Le pétrole a perdu près de 20 % de sa valeur par rapport au niveau des prix du début de l’année et 32 % sur un an.

Les cours ont complètement dévissé depuis une semaine après l’annonce de l’imposition d’une surtaxation douanière sur les produits de 180 pays entrant aux USA.

Les prix du gaz, dont l’Algérie est un grand exportateur, sont aussi impactés par la décision du président américain.

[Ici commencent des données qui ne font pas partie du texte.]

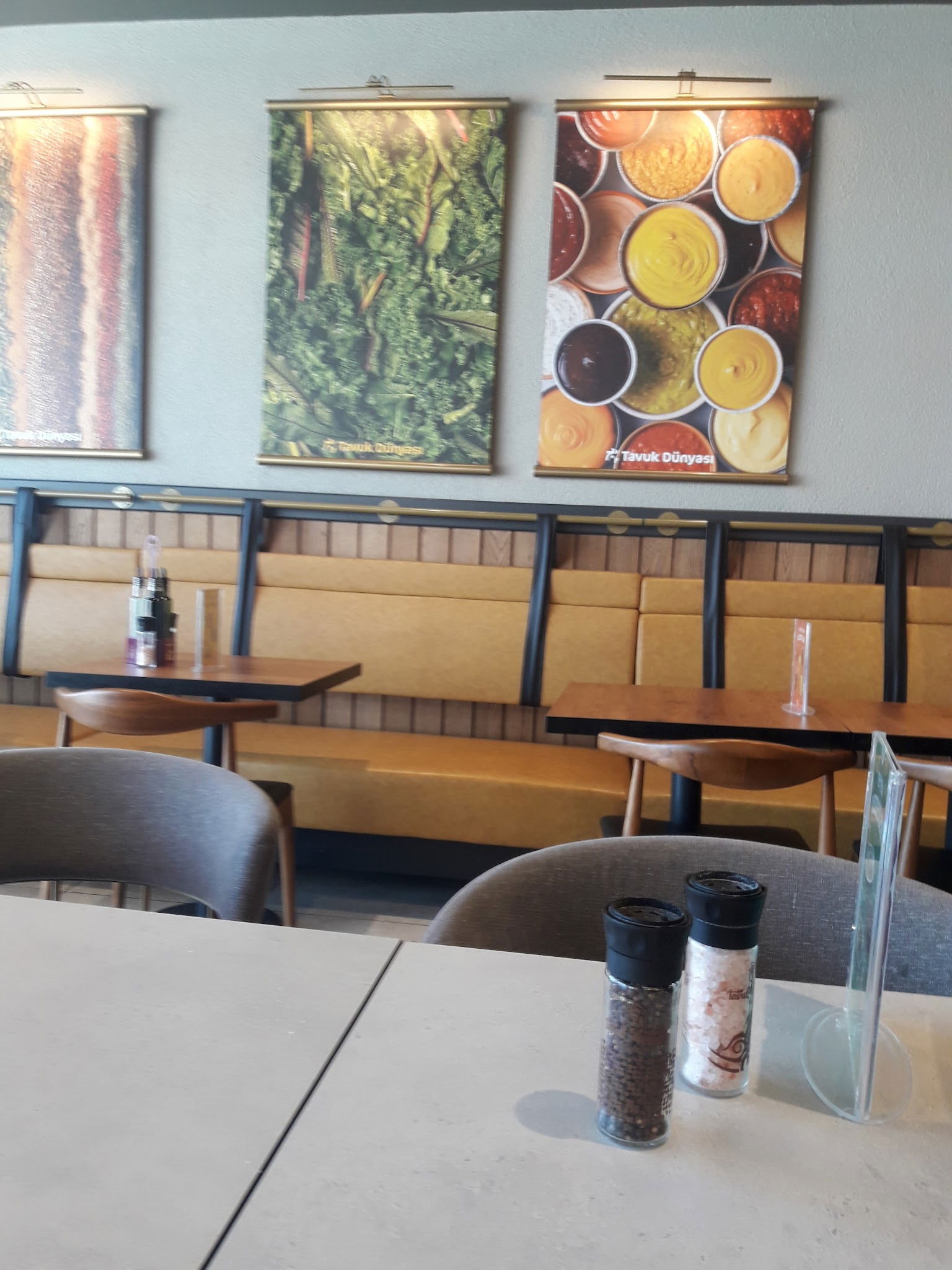 Tavuk Dünyası Silivri Cadde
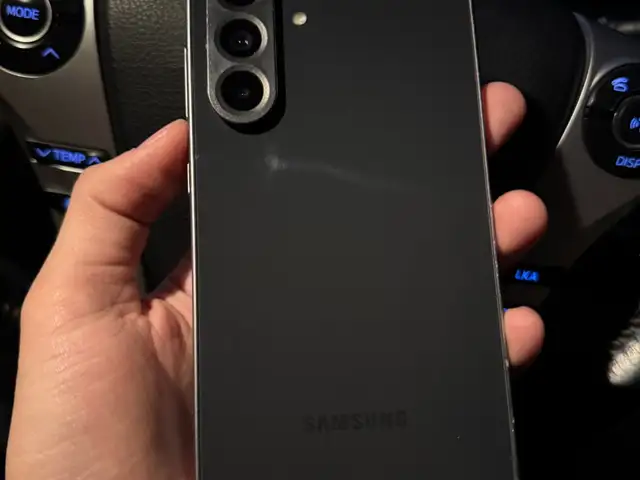 Galaxy a56 5g, Улаанбаатар — Баянзүрх — 13-р хороолол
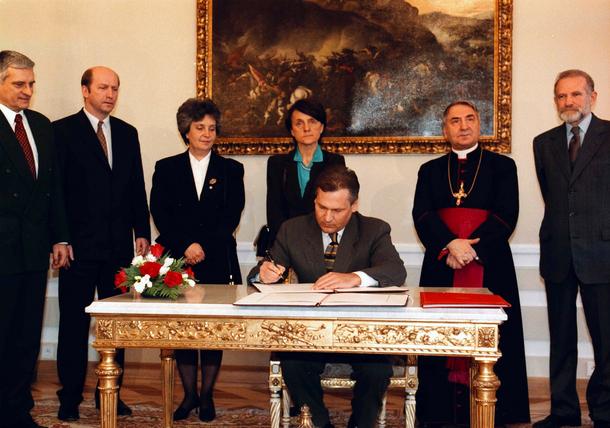 Prezydent Aleksander Kwaśniewski podpisuje dokument ratyfikujący konkordat, Warszawa, luty 1998 r.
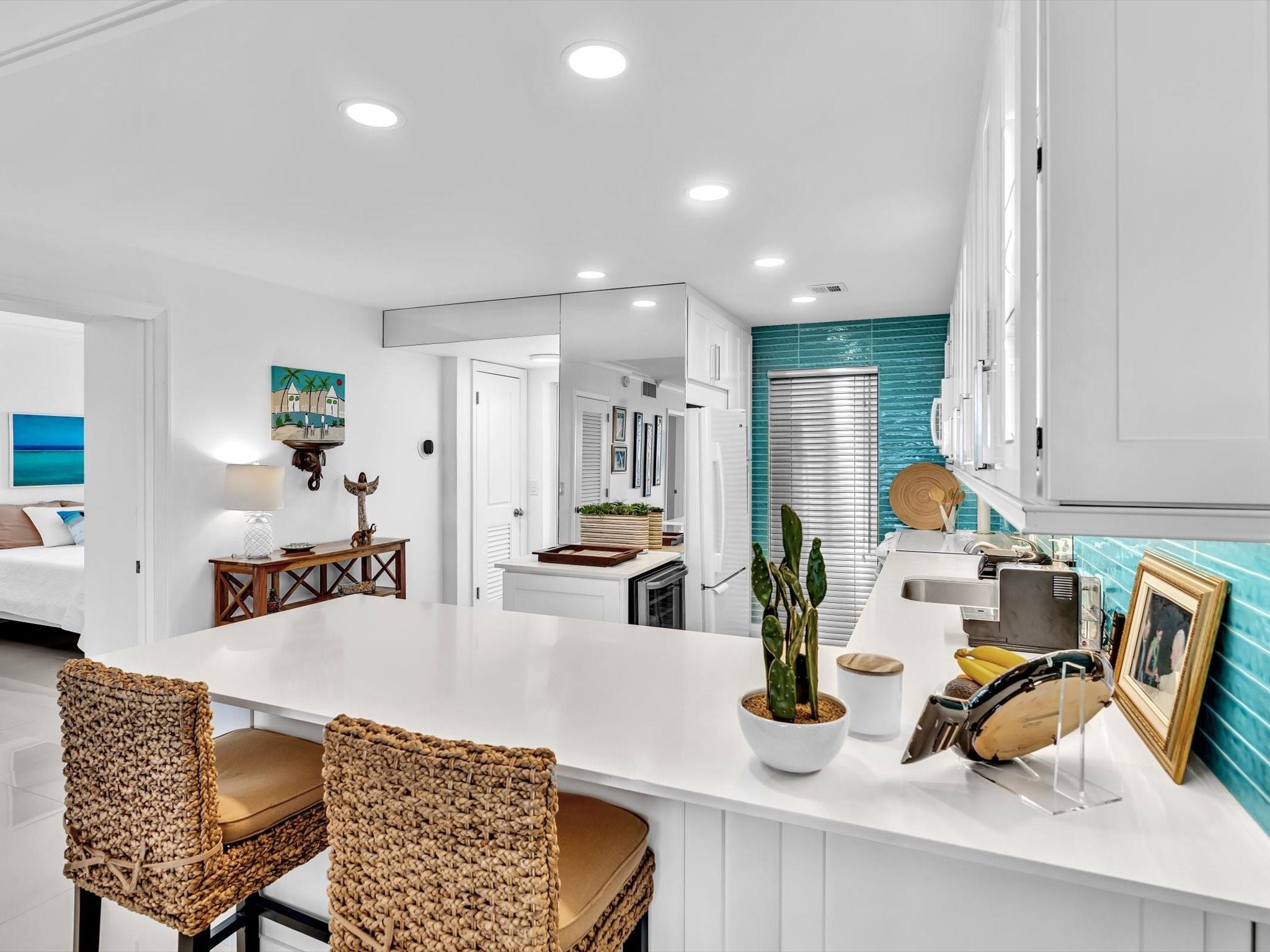 PENTHOUSE HIGHLANDS CONDO - Residential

Le gaz européen était ce mercredi matin au plus bas depuis septembre dernier, à 33,44 euros le mégawattheure (MWh).

Le 2 avril, Donald Trump a annoncé des droits de douane supplémentaires d’un minimum de 10 % sur les produits en provenance de dizaines de pays.

Les produits chinois sont les plus touchés, avec des surtaxes cumulées de 104 %. Le taux appliqué aux produits algériens est de 34 %.

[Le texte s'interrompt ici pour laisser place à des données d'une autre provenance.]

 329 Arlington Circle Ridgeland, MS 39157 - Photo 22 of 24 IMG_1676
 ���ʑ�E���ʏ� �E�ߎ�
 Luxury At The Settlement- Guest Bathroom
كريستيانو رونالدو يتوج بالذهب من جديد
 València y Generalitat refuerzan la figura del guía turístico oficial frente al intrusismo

La Chine a répliqué en imposant aux produits américains des droits de douane de 84 %.

C’est cette guerre commerciale qui fait craindre aux marchés une forte récession de l’économie mondiale, et par conséquent, une faible demande sur l’énergie, d’où la dégringolade des cours.

Les prix du pétrole plongent sous 60 dollars

La Chine étant le premier importateur mondial de pétrole et les États-Unis le premier consommateur, les cours sont extrêmement sensibles à l’état des deux grandes économies mondiales.

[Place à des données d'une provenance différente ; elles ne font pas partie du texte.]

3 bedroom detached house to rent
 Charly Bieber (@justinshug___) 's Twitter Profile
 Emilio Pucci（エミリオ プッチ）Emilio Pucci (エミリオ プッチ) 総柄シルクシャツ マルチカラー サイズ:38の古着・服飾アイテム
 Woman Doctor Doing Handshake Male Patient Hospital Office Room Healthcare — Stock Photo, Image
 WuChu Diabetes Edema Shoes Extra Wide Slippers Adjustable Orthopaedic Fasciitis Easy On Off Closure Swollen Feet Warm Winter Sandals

Pour John Plassard, analyste chez le cabinet Mirabaud, cité par le site spécialisé « Le prix du baril », la chute vertigineuse des prix du pétrole reflète un certain scepticisme des marchés quant à une désescalade à court terme.

N’entrevoyant pas d’accalmie à court terme, l’institut d’analyse des marchés Citi Research a abaissé lundi 7 avril ses prévisions de prix du Brent sur 0-3 mois à 60 dollars le baril.

Citi a aussi mis en avant les craintes d’un affaiblissement de la demande mondiale de pétrole.

En plus de la guerre commerciale Chine-USA, les analystes pointent également du doigt la décision prise la semaine dernière par l’Organisation des pays exportateurs de pétrole et ses alliés (OPEP+) d’augmenter la production des pays membres plus rapidement que prévu.

La coïncidence des deux événements a créé, « un cocktail toxique qui alimente les craintes d’un marché pétrolier en surabondance », estime un analyste du cabinet SEB, Ole R. Hvalbye.

Si les prix continuent à baisser, c’est aussi la stratégie de Donald Trump de « forer à tout-va » qui risque d’être contrariée.

Tamas Varga, analyste de PVM Energy, explique en effet que la production américaine va freiner, « car elle ne sera plus rentable » en cas de prix trop bas.

Algérie : les hydrocarbures dominent les exportations

Si la tendance à la baisse se poursuit, et même aux prix actuels du pétrole et du gaz, les recettes d’exportation des hydrocarbures de l’Algérie devraient encore baisser cette année après avoir déjà reculé ces deux dernières années.

Les cours mondiaux du baril sont déterminants pour les niveaux des recettes de l’Algérie. Avec un prix moyen du baril à 104 dollars en 2022, l’Algérie avait engrangé 60 milliards de dollars.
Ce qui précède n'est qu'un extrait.